This conflict is at the heart of Libya’s civil war and can be seen most clearly there.  After the fall of General Gaddafi, Libya became a chaotic and anarchic battleground between competing groups of jihadists, Islamists and other militants.  That chaos persisted in the western half of the country, in spite of the installation of the Government of National Accord (which has never had much authority outside Tripoli itself).  Indeed, the GNA has provided a home for a number of Muslim Brotherhood affiliated groups and other revolutionary Islamists which have joined it from Libya Dawn (a loose alliance of militias, militant Islamist groups and other factions which enjoyed a measure of authority in the region before being absorbed into the GNA).

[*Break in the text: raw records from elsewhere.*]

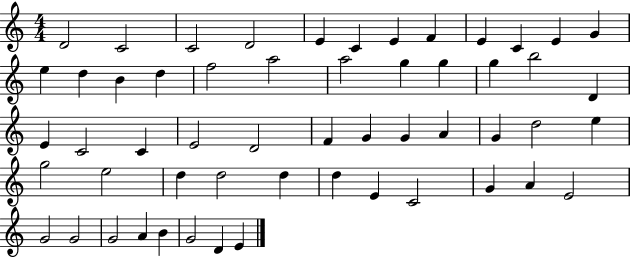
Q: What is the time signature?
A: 4/4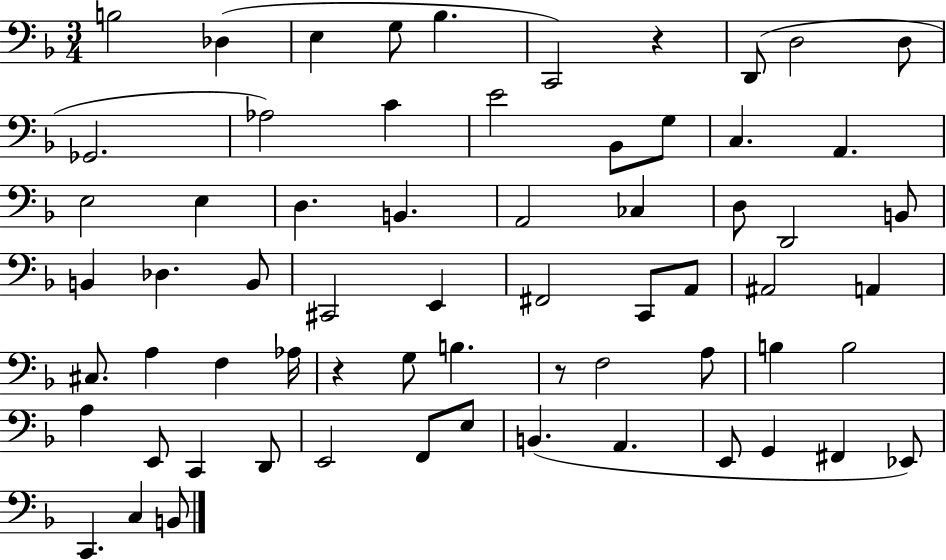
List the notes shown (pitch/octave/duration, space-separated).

B3/h Db3/q E3/q G3/e Bb3/q. C2/h R/q D2/e D3/h D3/e Gb2/h. Ab3/h C4/q E4/h Bb2/e G3/e C3/q. A2/q. E3/h E3/q D3/q. B2/q. A2/h CES3/q D3/e D2/h B2/e B2/q Db3/q. B2/e C#2/h E2/q F#2/h C2/e A2/e A#2/h A2/q C#3/e. A3/q F3/q Ab3/s R/q G3/e B3/q. R/e F3/h A3/e B3/q B3/h A3/q E2/e C2/q D2/e E2/h F2/e E3/e B2/q. A2/q. E2/e G2/q F#2/q Eb2/e C2/q. C3/q B2/e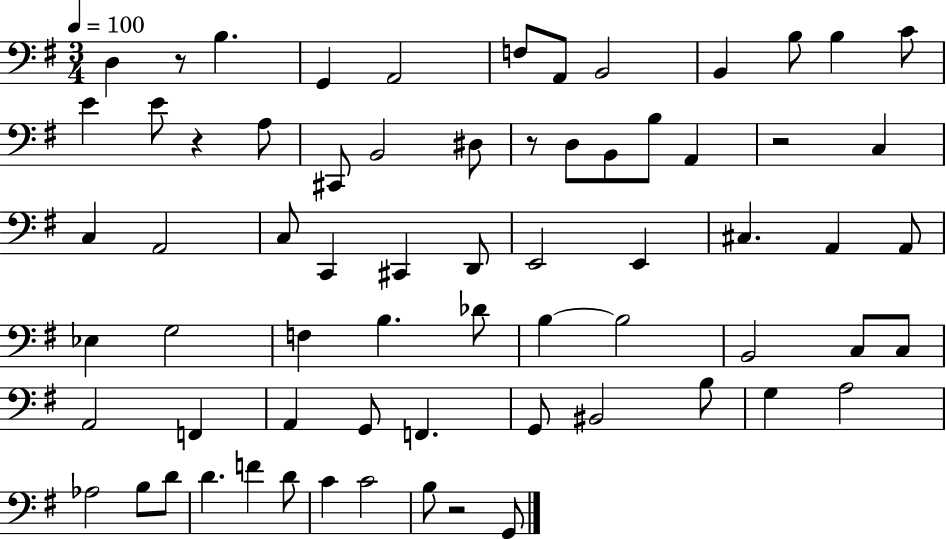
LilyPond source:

{
  \clef bass
  \numericTimeSignature
  \time 3/4
  \key g \major
  \tempo 4 = 100
  \repeat volta 2 { d4 r8 b4. | g,4 a,2 | f8 a,8 b,2 | b,4 b8 b4 c'8 | \break e'4 e'8 r4 a8 | cis,8 b,2 dis8 | r8 d8 b,8 b8 a,4 | r2 c4 | \break c4 a,2 | c8 c,4 cis,4 d,8 | e,2 e,4 | cis4. a,4 a,8 | \break ees4 g2 | f4 b4. des'8 | b4~~ b2 | b,2 c8 c8 | \break a,2 f,4 | a,4 g,8 f,4. | g,8 bis,2 b8 | g4 a2 | \break aes2 b8 d'8 | d'4. f'4 d'8 | c'4 c'2 | b8 r2 g,8 | \break } \bar "|."
}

In the eastern half of the country, however, that chaos and anarchy has largely been eradicated by the military and diplomatic initiatives of Marshal Haftar and the LNA acting on behalf of the government based in Banghazi / Tobruk.  Haftar has a hatred of the Islamist groups he has been fighting for the last decade, which is why he has refused to have anything to do with the GNA in the past and why he is trying to overthrow it now.  He has no time for the type of revolutionary political Islam represented by the Brotherhood and by other groups in Western Libya and would presumably like to rebuild Libya along the conservative, establishment, authoritarian lines of Saudi Arabia.  His government supported the Gulf states’ Saudi-led attempt to isolate Qatar.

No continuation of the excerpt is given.